— Record extracts —
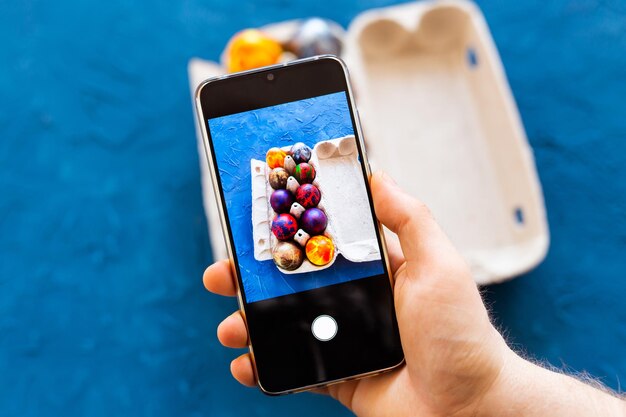 Concepto de vacaciones, tradición, tecnología y personas - cerca de las manos del hombre con el teléfono inteligente tomando fotografías de huevos de pascua de colores.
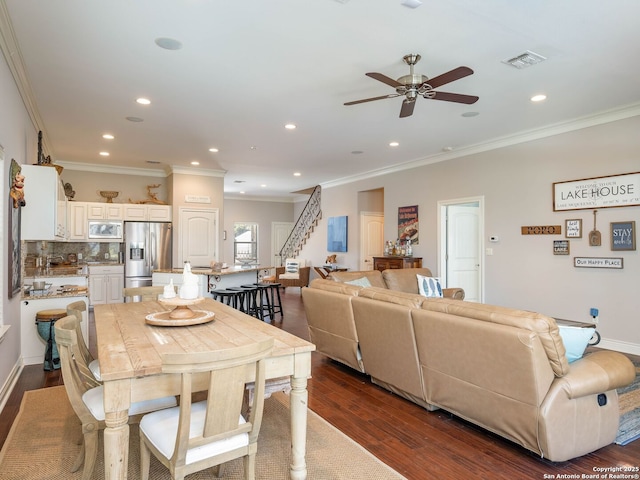 dining space with ornamental molding, ceiling fan, and dark wood-type flooring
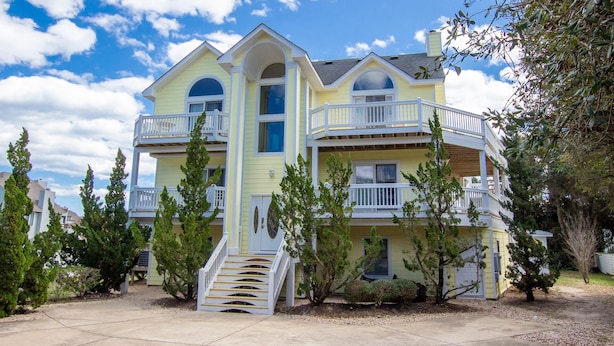 A two-story house with a balcony on the second floor, surrounded by trees. - Oceanside, Heated Pool, Poolside Pavilion, Hot Tub, 4, Relax Mom (Corolla)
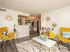 Bright and inviting living room with modern decor, featuring vibrant yellow armchairs, a sleek white coffee table, and stylish wall art, leading into an elegant dining area with a warm, open layout.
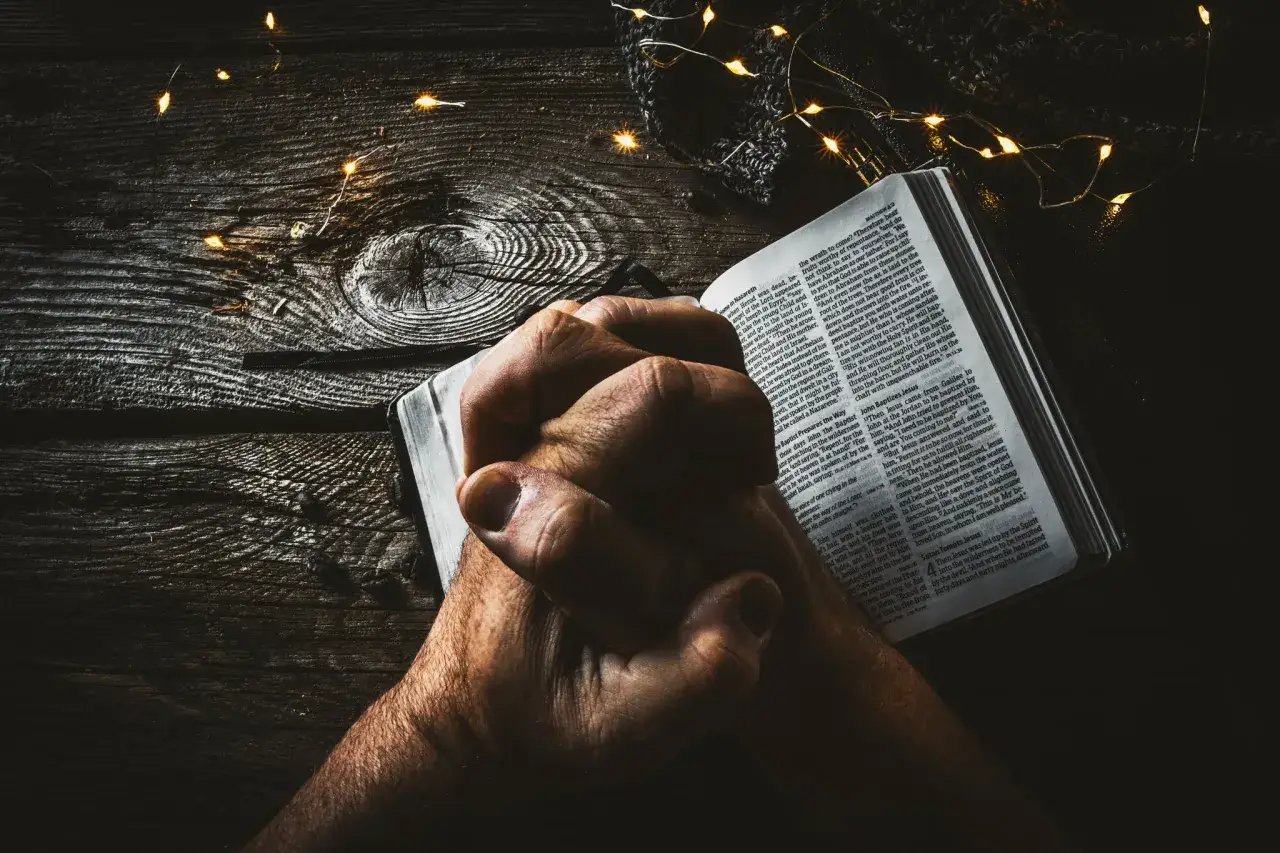 Hands clasped in prayer over an open Bible, illuminated by fairy lights, signifying moments of Christian prayer.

— Exercise objective —
In the records above, find the line containing "Bright and inviting", then please restate it and each line after it word for word, pictures excluded.

— Reply —
 Bright and inviting living room with modern decor, featuring vibrant yellow armchairs, a sleek white coffee table, and stylish wall art, leading into an elegant dining area with a warm, open layout.
 Hands clasped in prayer over an open Bible, illuminated by fairy lights, signifying moments of Christian prayer.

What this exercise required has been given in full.